Now, here's the most remarkable aspect of the prez's budget, and it's truly a stroke of marketing genius for this administration: the $3 billion centennial challenge that doesn't come close to his 7-year-old pledge to wipe out the Park Service's maintenance backlog.
Remember back during the 2000 presidential campaign when George promised he would, in his first term, wipe out the Park Service's maintenance backlog? At the time, that backlog was calculated by the General Accounting Office, to be drifting around $4.9 billion.
"The federal government has clear responsibility for the Everglades, as in each of the nearly 400 other national parks. In recent years, that obligation has sometimes been neglected. Many parks have lacked the resources the need for their basic care and maintenance. My administration will restore and renew America's national parks," George said during a photo op in Everglades National Park on June 4, 2001.
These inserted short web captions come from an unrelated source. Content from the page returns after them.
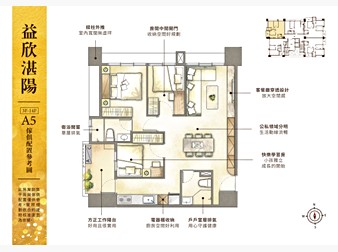 社區格局圖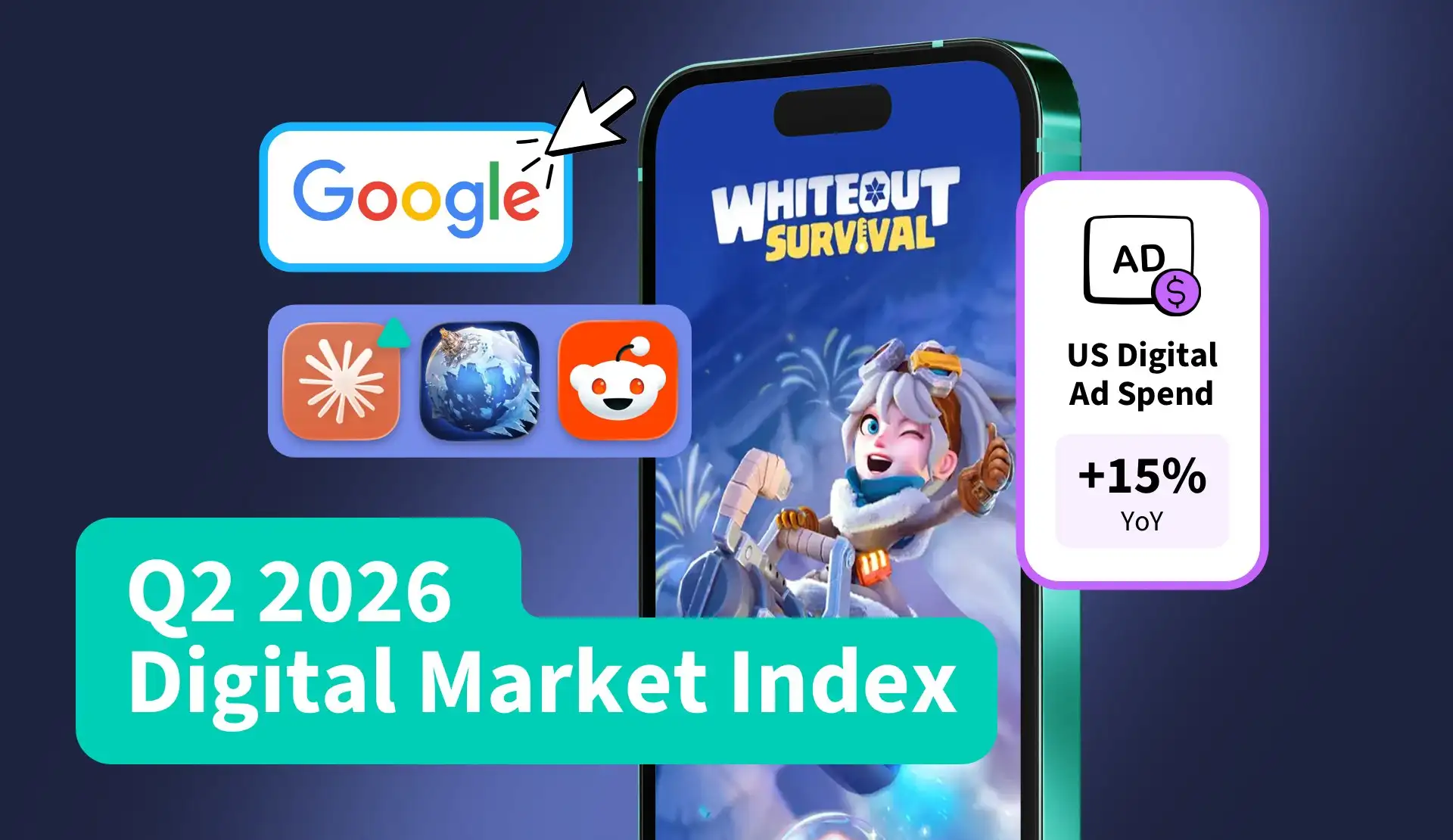 Q2 2026 Digital Market Index Resource Card Img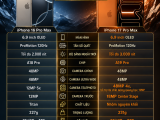 So Sánh iPhone 16 Pro Max Và 17 Pro Max: Nên Mua Máy Nào?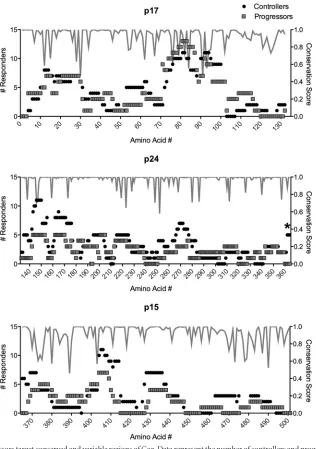 FIG 2 Controllers and progressors target conserved and variable regions of Gag. Data represent the number of controllers and progressors that target each aminoacid residue in Gag p17 (top), p24 (middle), and p15 (bottom panel), as well as the conservation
Heck, during his first campaign George said he'd spend an extra $1 billion a year for five years to wipe out the backlog. Now, the administration keeps claiming that it's done serious damage to the backlog, and that it's checked off on more than 6,000 projects, but others disagree. Here's a snippet from an Associated Press story from 2006:
By next year, the Bush administration will have spent $5.6 billion on park maintenance and will have completed more than 6,000 construction projects. ... About $700 million of that spending is new money, Park Service budget figures show. That is far short of Bush's $1 billion-a-year goal.
And now George is proposing a $3 billion effort to buff and polish the national park system by 2016, $3 billion of which one-third would have to come from the private sector and one-third from future administrations and one-third from a yet-to-be-authorized federal match.
So let's recap things: Not only did George fail to erase the Park Service's backlog as he promised he would, but now he's actually offering less of a deal -- one that would take twice as long to accomplish, provide less money for the parks than what he promised back in 2000, and which must gain Congress's approval as well as private sector support.
And folks are going gaa-gaa over it?
Here's how Christopher Brauchli so succinctly summed up this travesty over at his blog, Spot-On:
By this newest proposal Mr. Bush has shown himself to be all things
to all people - a fiscal conservative by not providing the promised $5
billion in 5 years and a friend of the parks by promising $2 billion
within 14 years after the unfulfilled $5 billion promise was made.
Let's hope the Congress can do better, but it won't be easy, as the president's budget also would pilfer the U.S. Forest Service and Bureau of Land Management and there are congressional constituencies for those agencies that won't abide by George's plans, so money definitely will be tight.